Mothers therefore seem to be getting some pretty mixed messages about breast-feeding: do it at all costs to the exclusion of everything else but don’t even think about continuing past about eighteen months because that’s just plain weird.

Hmmm ... okay. 

Meanwhile, the actual women on the other end of those much-handled breasts are given pretty short shrift. Some report being made to feel like bad mothers if, for whatever reason, they can’t or won’t breastfeed. While others who want to breastfeed their children for as long as the children want it are labelled as freaks and even child-molesters. Those who advocate breastfeeding and want to support mothers establish feeding, are frustrated by extreme depictions of their work (some advocates are even described using references to Nazism and Islamist fundamentalism. I mean, really? Just because they think breastfeeding is best and want to try and help women feed their babies?) 

Yet another example of women caught in an impossible and contradictory double-bind that means all women fail situation. How unusual.

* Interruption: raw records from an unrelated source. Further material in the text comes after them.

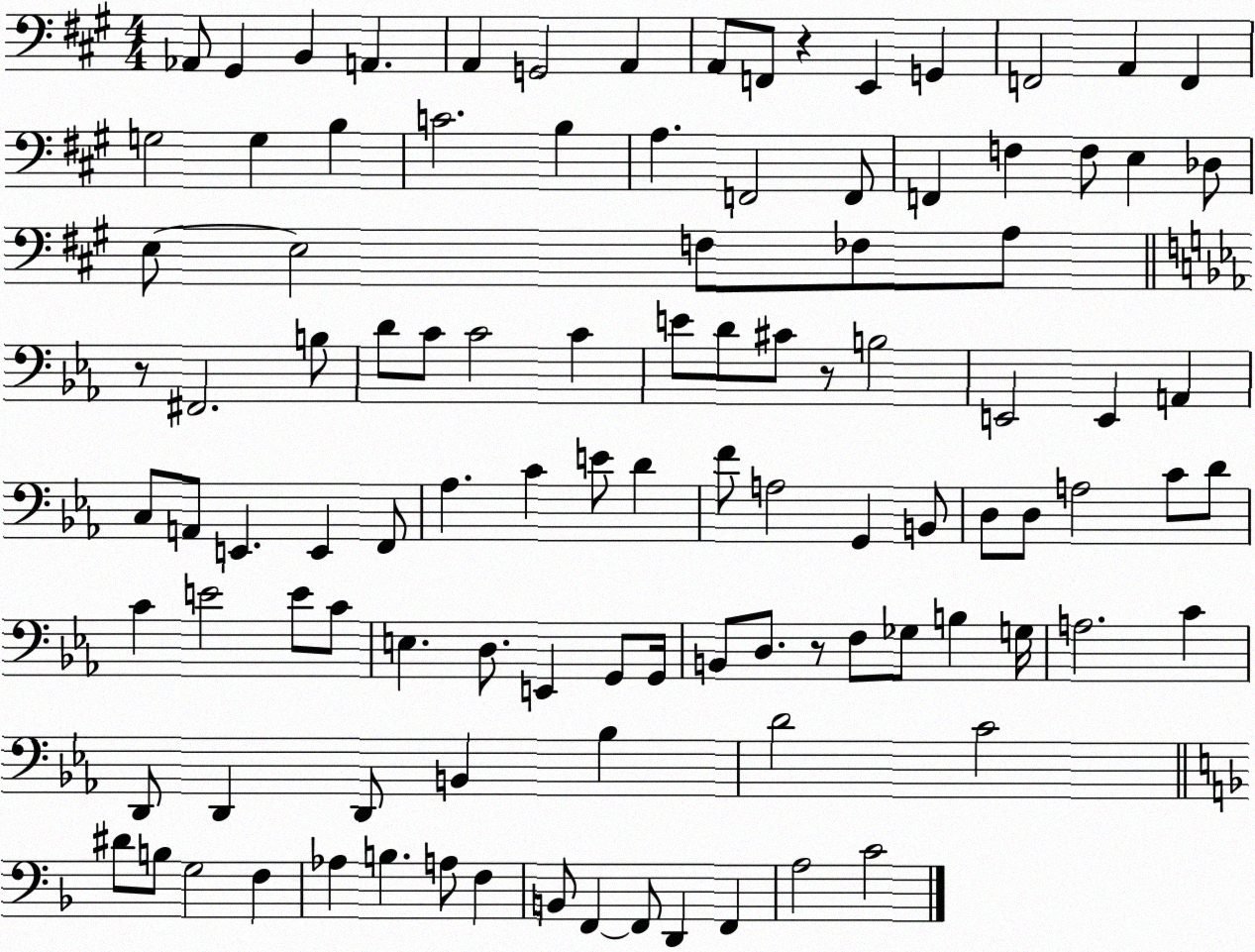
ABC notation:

X:1
T:Untitled
M:4/4
L:1/4
K:A
_A,,/2 ^G,, B,, A,, A,, G,,2 A,, A,,/2 F,,/2 z E,, G,, F,,2 A,, F,, G,2 G, B, C2 B, A, F,,2 F,,/2 F,, F, F,/2 E, _D,/2 E,/2 E,2 F,/2 _F,/2 A,/2 z/2 ^F,,2 B,/2 D/2 C/2 C2 C E/2 D/2 ^C/2 z/2 B,2 E,,2 E,, A,, C,/2 A,,/2 E,, E,, F,,/2 _A, C E/2 D F/2 A,2 G,, B,,/2 D,/2 D,/2 A,2 C/2 D/2 C E2 E/2 C/2 E, D,/2 E,, G,,/2 G,,/4 B,,/2 D,/2 z/2 F,/2 _G,/2 B, G,/4 A,2 C D,,/2 D,, D,,/2 B,, _B, D2 C2 ^D/2 B,/2 G,2 F, _A, B, A,/2 F, B,,/2 F,, F,,/2 D,, F,, A,2 C2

I have to say, even some feminists are uncertain about what it all means, and have debated whether breastfeeding is feminist or not. Some consider that it is, while others confess a deep ambivalence, and still others contend that formula-feeding has been an important development in freeing women from biological servitude (though if you want to breastfeed that’s okay too). My own feeling is that this is entirely the wrong question to be asking. Breastfeeding in itself is neither feminist nor unfeminist: supporting women to make the best choices they can for themselves and their families in the circumstances in which they find themselves is.

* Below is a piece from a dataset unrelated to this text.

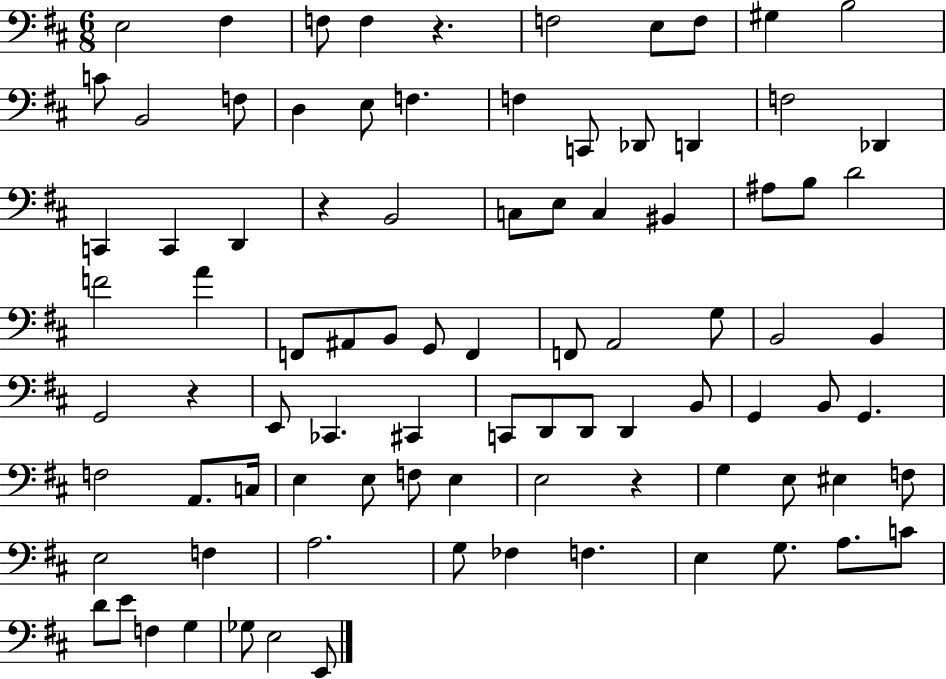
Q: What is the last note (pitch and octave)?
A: E2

I personally breastfed for a just over a year, and have never used formula. But here’s what I had going for me in order to make that ‘choice’: 
  • the physical ability to do so
  • a baby who seemed to know how to latch on properly herself (and not all of them do)
  • no severe side-effects such as cracked nipples or mastitis
  • no other disability or illness that would affect my ability to breastfeed
  • a baby with a good appetite who took to solid food well, meaning that breastfeeding became much less time-consuming after about 8-9 months
  • a supportive husband, who got the baby up for every feed during the night, and, recognising the toll it took both physically and emotionally, stepped up and took on other domestic jobs
  • a decently-paid job from which I could choose to either take a long period of parental leave in order to focus on the baby or return to work and have breastfeeding breaks, privacy to breast feed and/or pump milk.

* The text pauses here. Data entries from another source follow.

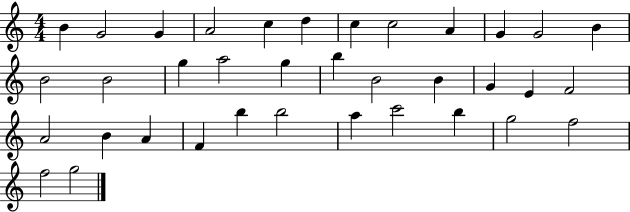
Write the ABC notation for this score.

X:1
T:Untitled
M:4/4
L:1/4
K:C
B G2 G A2 c d c c2 A G G2 B B2 B2 g a2 g b B2 B G E F2 A2 B A F b b2 a c'2 b g2 f2 f2 g2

All that support notwithstanding, I’m not sure I would share Victoria Beckham’s view that it was ‘heaven’.  Here’s how I felt about it: 
  • pleased I could do it, especially after a difficult birth that didn’t go at all the way I thought it would
  • bored at being stuck in one place while the baby fed for up to 90 minutes at a time 
  • resentful at being the only one who could do it
  • worried that the baby wouldn’t gain enough weight (health authorities might push you to breastfeed but with their obsession with weighing them, particularly in the early days, it can send a message that breastfeeding isn't very reliable)
  • a sense of duty and obligation that if I could do it I should

These are probably not the noblest reasons for breastfeeding, but I’d be lying if I said that I loved it every single minute of every single day. And I think the media and wider culture does all mothers a disservice to perpetuate sentimental and misleading ideals about breastfeeding. I don’t see how it will encourage more mothers to breastfeed if there is not also some honesty about what it takes to do it: time and a lot of patience, support (from partners, families, health workers, and the wider community), understanding, societal structures and practices that can accommodate it, a little bit of luck, and, yes, knowing there is a formula tin available if it is needed.  

Guess that just doesn't make for an attention-grabbing story though, does it?